#### EXERCISE DATA ####
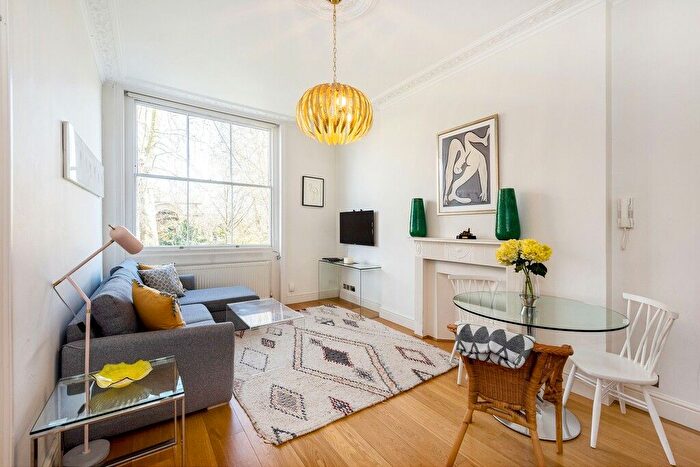 1 Bedroom Flat To Rent In Palace Gardens Terrace, Kensington, W8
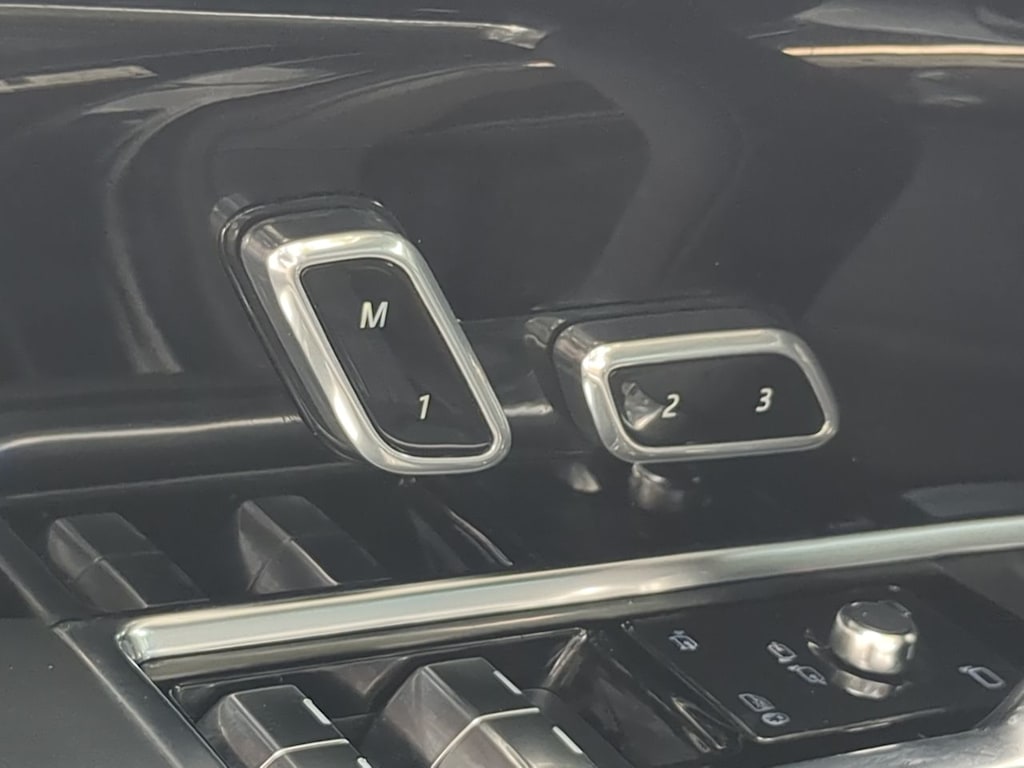 Thumbnail: 2025 Land Rover Range Rover - 25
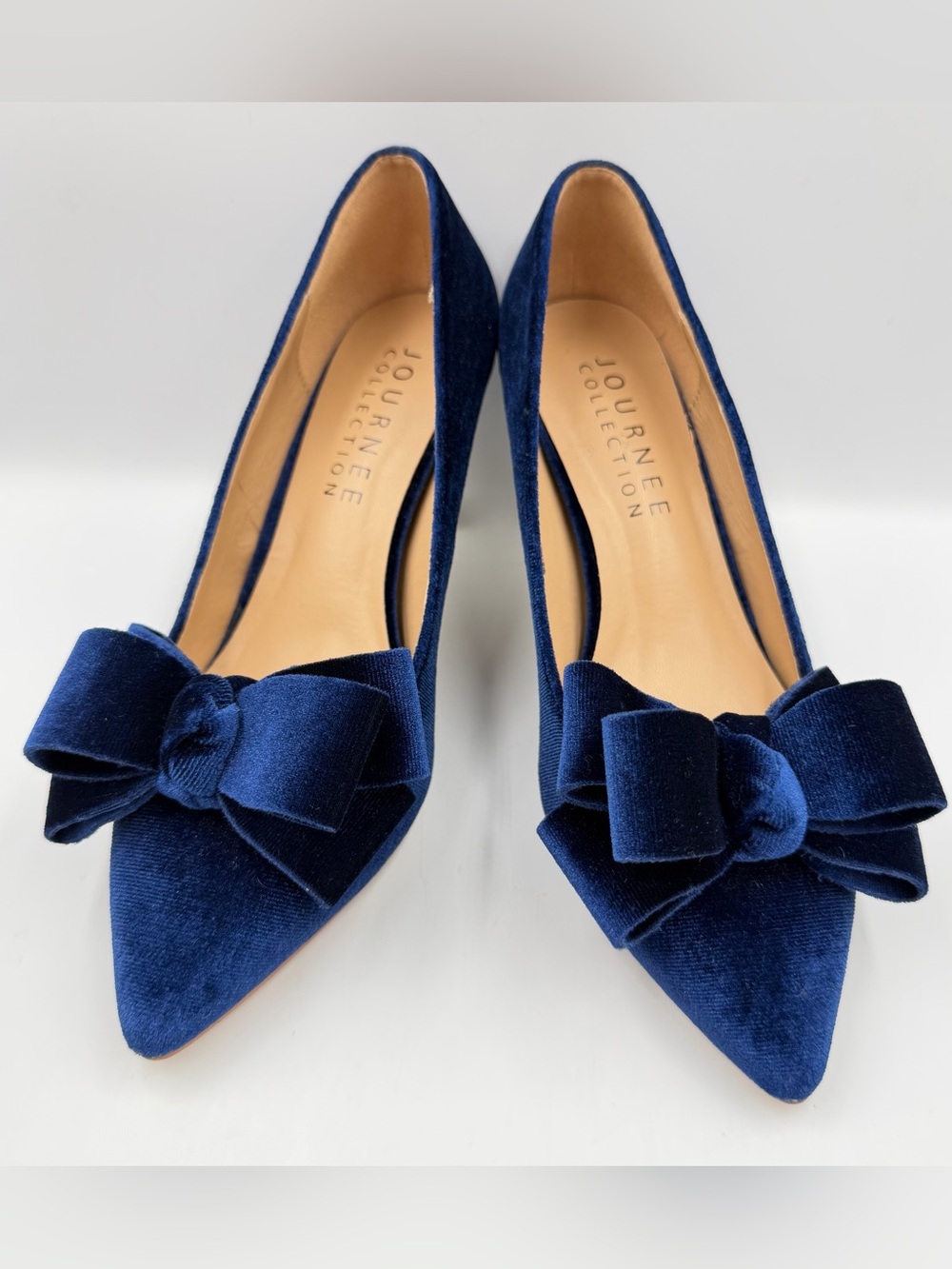Journee Collection Crystol Pump Deep Blue Velvet Womens WD7 Large Bow Accent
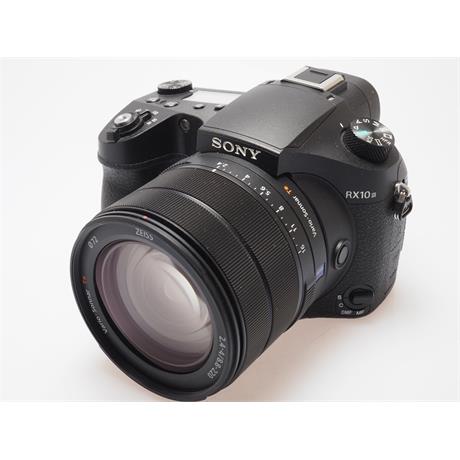 Sony DSC RX10 III thumbnail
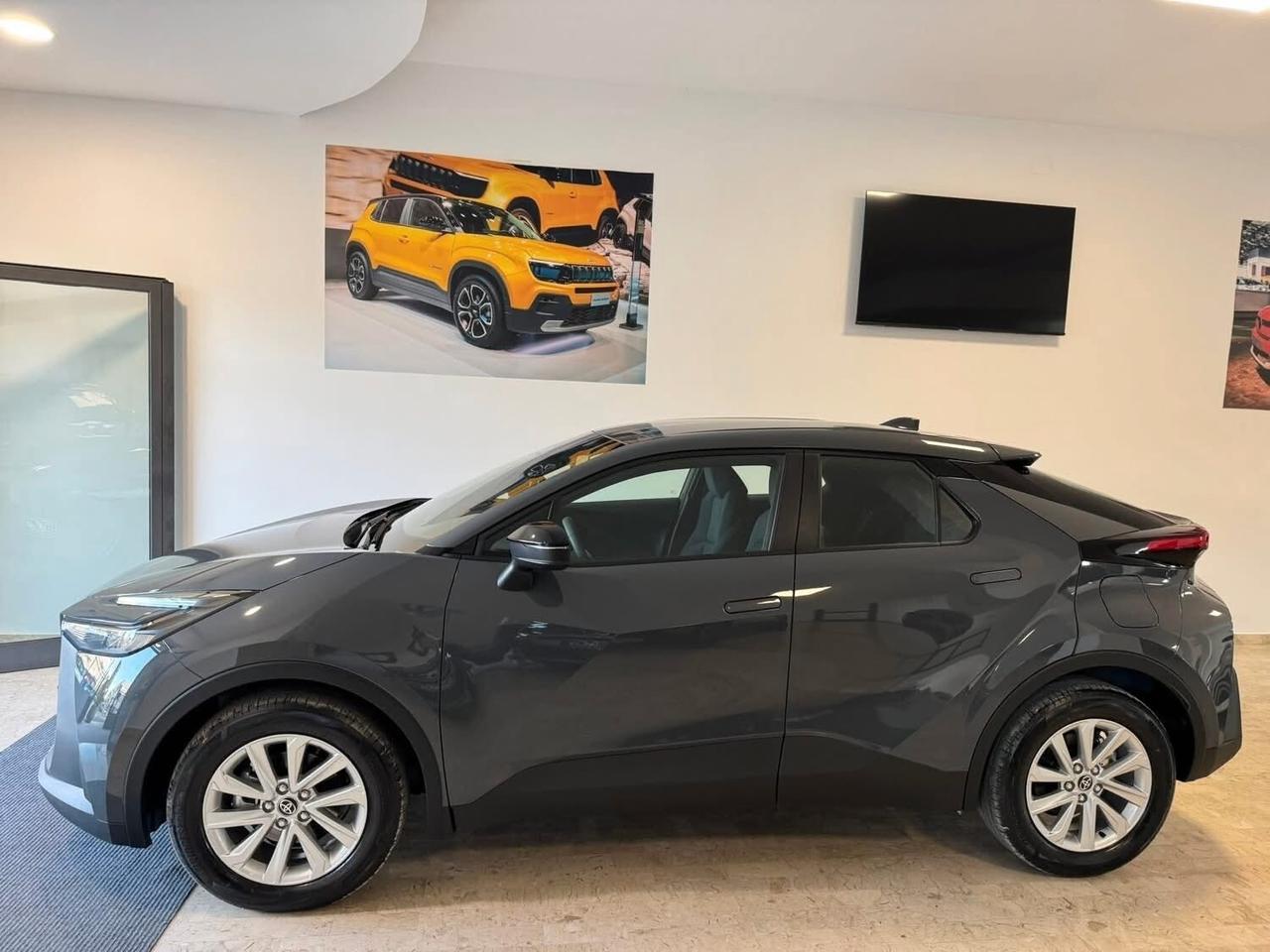 Toyota C-HR Nuova Full Hybrid FWD 140 Cv. Active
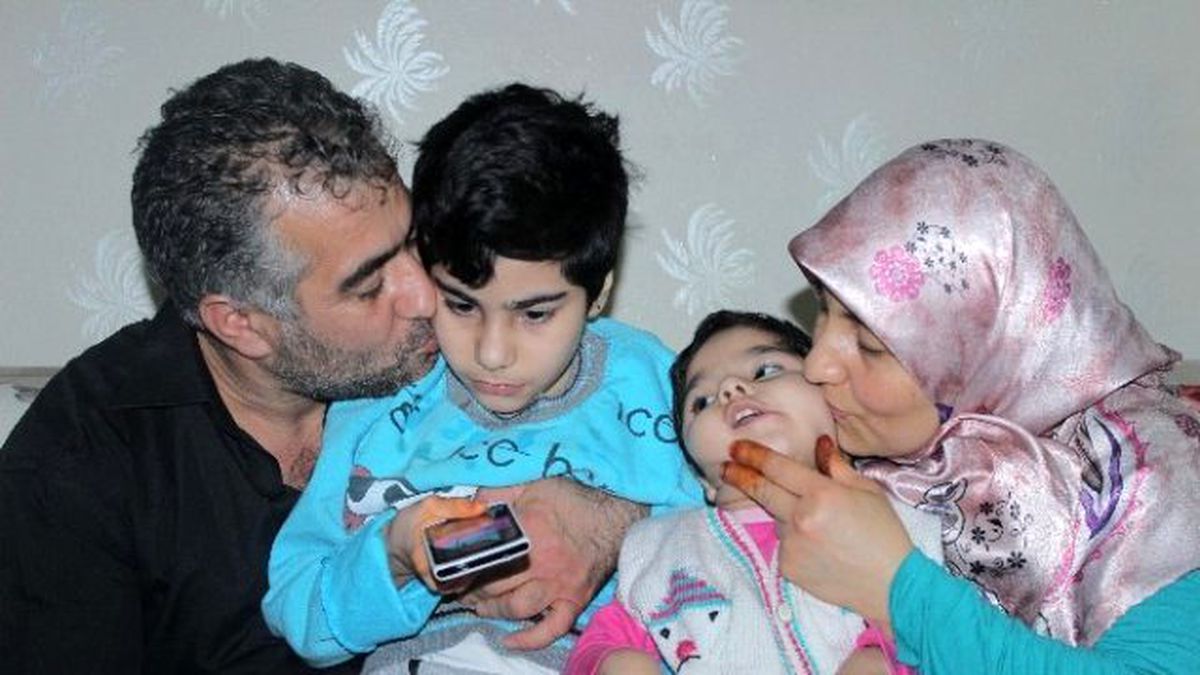 Örnek Çift, Engelli İki Kızına Bebek Gibi Bakıyor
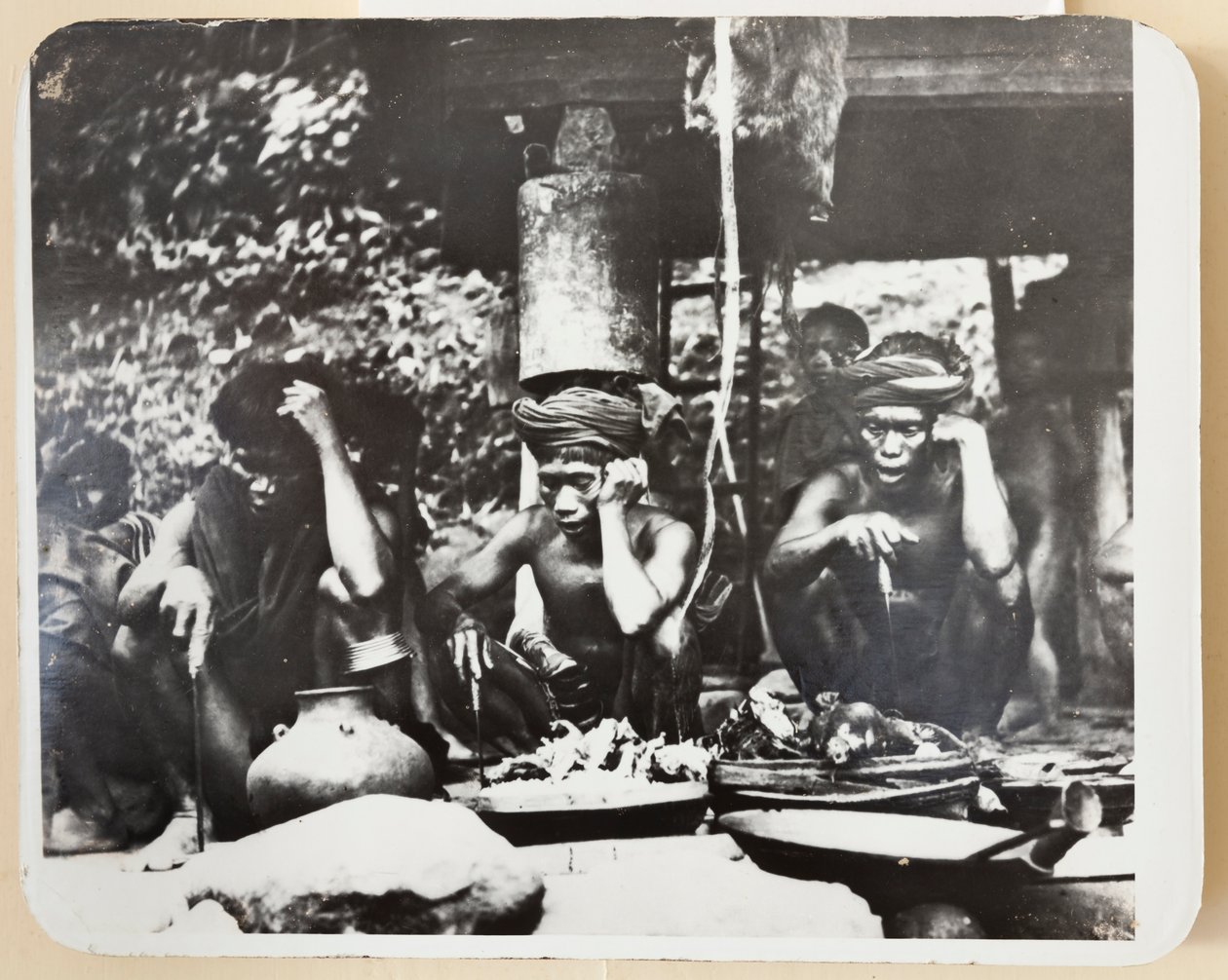 Ifugao-Priester während einer religiösen Zeremonie, 1910 von Roy Barton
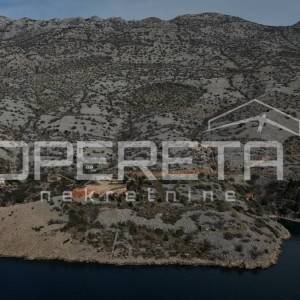 NVESTICIJSKO ZEMLJIŠTE – PRVI RED DO MORA, TURISTIČKA NAMJENA
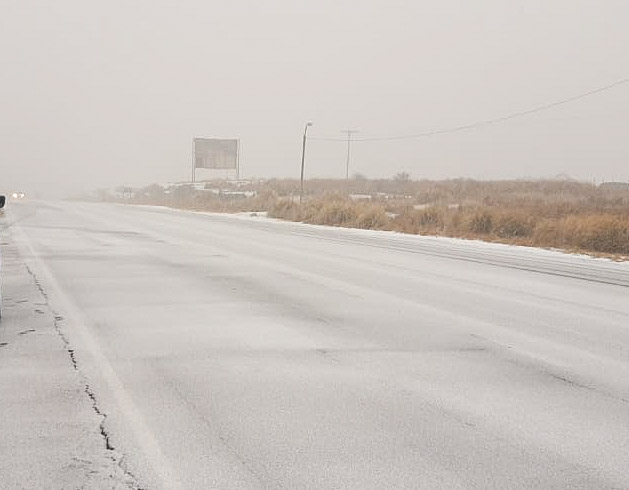 🚫❌️ CERRADO CAMINO Altas Cumbres Ruta E34

Nieva en las Altas Cumbres ☃️🏔

⛄ Acumulación de nieve sobre carpeta asfáltica. 
👀 Visibilidad Nula. 
❌ Cortado el paso.
🌨 Nieve caida desde Pirgüita hasta km 40. 
☁️ Bancos de neblina / Nublado / Viento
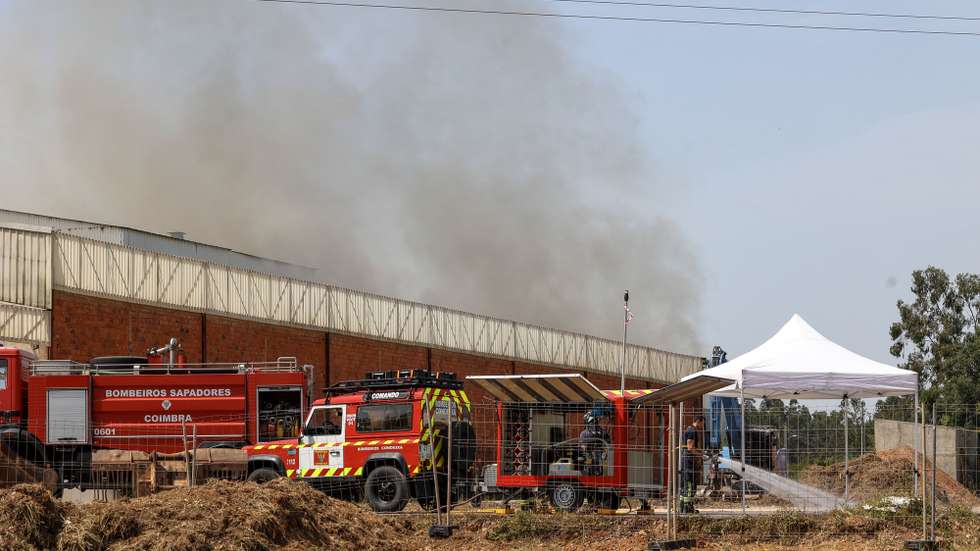 Bombeiros, apoiados por 26 viaturas, combatem um incêndio num armazém de gestão de resíduos plásticos em Taveiro, que deflagrou na madrugada de hoje, Coimbra, 22 de maio de 2026. PAULO NOVAIS/LUSA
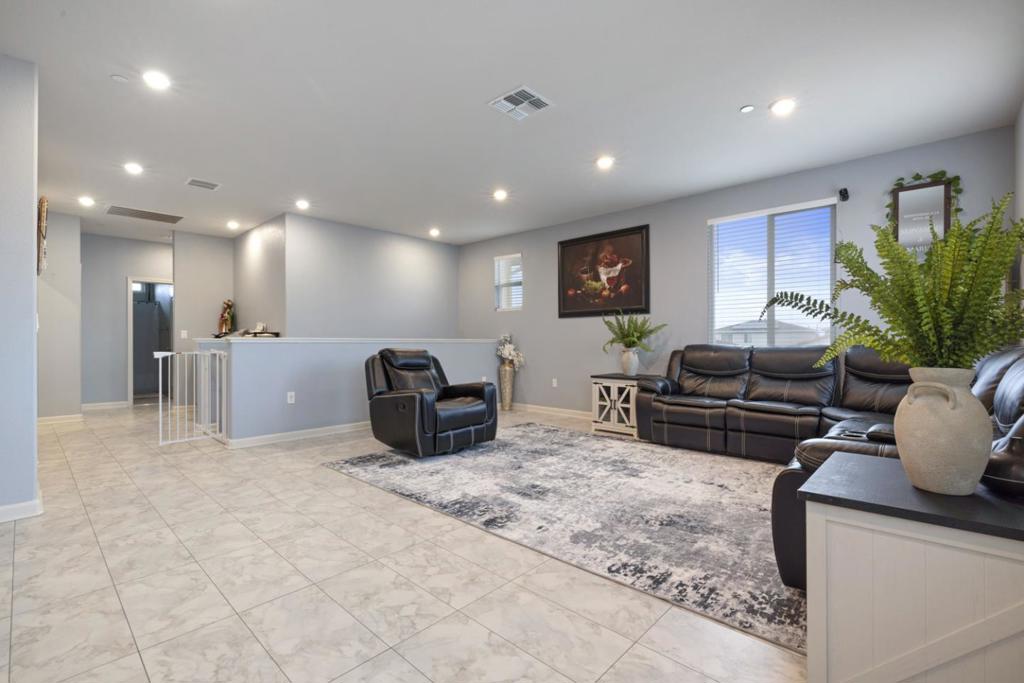 2075 Martin St, Los Banos, CA 93635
####
▶ **PROBLEM DESCRIPTION**
Without the pictures, extract every entry verbatim.

▶ **WRITTEN SOLUTION**
 1 Bedroom Flat To Rent In Palace Gardens Terrace, Kensington, W8
 Thumbnail: 2025 Land Rover Range Rover - 25
Journee Collection Crystol Pump Deep Blue Velvet Womens WD7 Large Bow Accent
 Sony DSC RX10 III thumbnail
 Toyota C-HR Nuova Full Hybrid FWD 140 Cv. Active
 Örnek Çift, Engelli İki Kızına Bebek Gibi Bakıyor
 Ifugao-Priester während einer religiösen Zeremonie, 1910 von Roy Barton
 NVESTICIJSKO ZEMLJIŠTE – PRVI RED DO MORA, TURISTIČKA NAMJENA
 🚫❌️ CERRADO CAMINO Altas Cumbres Ruta E34

Nieva en las Altas Cumbres ☃️🏔

⛄ Acumulación de nieve sobre carpeta asfáltica. 
👀 Visibilidad Nula. 
❌ Cortado el paso.
🌨 Nieve caida desde Pirgüita hasta km 40. 
☁️ Bancos de neblina / Nublado / Viento
 Bombeiros, apoiados por 26 viaturas, combatem um incêndio num armazém de gestão de resíduos plásticos em Taveiro, que deflagrou na madrugada de hoje, Coimbra, 22 de maio de 2026. PAULO NOVAIS/LUSA
 2075 Martin St, Los Banos, CA 93635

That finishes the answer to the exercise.